3 messages · Nick Wray, Ivan Krylov, Rui Barradas

#
Hello   I am working with daily rainfall data for the UK from 1915 onwards
from the Met Office.  The data is on this site:

https://data.ceda.ac.uk/badc/ukmo-midas-open/data/uk-daily-rain-obs/dataset-version-201901

There are many files for the different counties.  For example there are
seven station files for Berwickshire in this site:

https://data.ceda.ac.uk/badc/ukmo-midas-open/data/uk-daily-rain-obs/dataset-version-201901/berwickshire


The first station in this dataset
 has the name  00265_mertoun
<https://data.ceda.ac.uk/badc/ukmo-midas-open/data/uk-daily-rain-obs/dataset-version-201901/berwickshire/00265_mertoun>
which
is a code and location name, again for example, and inside is a text file

It's easy but time-consuming to download the files one by one - I am sure
that it is possible to read them directly into an R program but whatever
coding or path I try to use I get an error.  I can't find an example online
which I can tweak to allow me to do this.

can anyone help?  Thanks Nick Wray
#
On Sun, 25 Sep 2022 09:53:39 +0100
Nick Wray <nickmwray at gmail.com> wrote:

            
Following the link to the file
<https://dap.ceda.ac.uk/badc/ukmo-midas-open/data/uk-daily-rain-obs/dataset-version-201901/berwickshire/00265_mertoun/midas-open_uk-daily-rain-obs_dv-201901_00265_mertoun_capability.csv?download=1>,
I get a login prompt.
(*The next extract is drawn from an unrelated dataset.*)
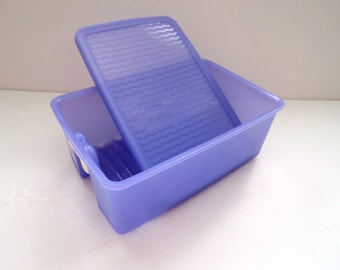 Kitchen Refrigerator Storage Box with Vent Valve, Egg Box, Fruit and  Vegetable, Plastic Crisper, Food Containers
Same thing probably happens to R when it tries to
download those files.

Does CEDA Archive have an API for programmatic access? If not, you'll
either have to export the cookies from your browser and use the curl
package to send HTTP requests with those included, or use the developer
toolbar in your browser to find out how the login request is sent and
use the curl package to (1) send the login request, (2) receive cookies
and (3) use those cookies to download files. This is called "website
scraping" and may be brittle, depending on how much the website
administrators dislike bots.

Looking at the documentation, it seems that the datasets may be
available via FTP: https://help.ceda.ac.uk/article/280-ftp

It should be possible to use the curl package to download the files.
Depending on how R is built, it could also be possible to feed the FTP
URL directly to read.csv, if you put the username and the password
inside it: ftp://username:password at ftp-server.hostname/path/to/file.csv
#
Hello,

Inline.

?s 09:53 de 25/09/2022, Nick Wray escreveu:
The file is a csv file and there are also two directories

qc-version-0  empty
qc-version-1  has 10 csv files spanning the years 1961-1970


Which files do you want, these last ones?

Hope this helps,

Rui Barradas